→ **EXTRACTED MATERIAL**:
+ + + + + + +
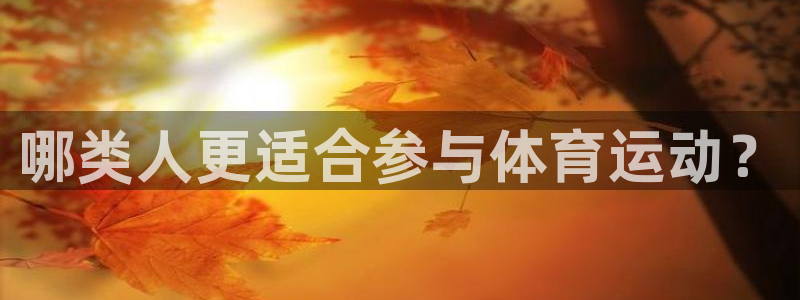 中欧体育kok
+ + + + + + +
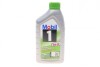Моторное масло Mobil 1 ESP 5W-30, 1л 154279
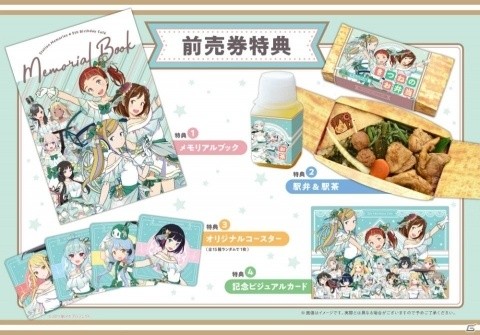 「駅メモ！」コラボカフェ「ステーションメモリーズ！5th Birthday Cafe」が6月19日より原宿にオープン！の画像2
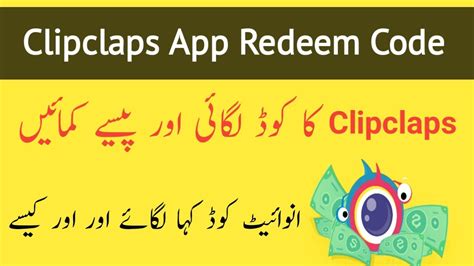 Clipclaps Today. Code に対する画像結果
+ + + + + + +
→ **WHAT TO DO**:
All lines above from the one containing "Моторное масло Mobil 1 ESP 5W-30, 1л 154279" up to and including the one containing "Clipclaps Today. Code に対する画像結果" are to be set down exactly, and nothing else. Leave images out.

→ **EXERCISE RESULT**:
Моторное масло Mobil 1 ESP 5W-30, 1л 154279
 「駅メモ！」コラボカフェ「ステーションメモリーズ！5th Birthday Cafe」が6月19日より原宿にオープン！の画像2
 Clipclaps Today. Code に対する画像結果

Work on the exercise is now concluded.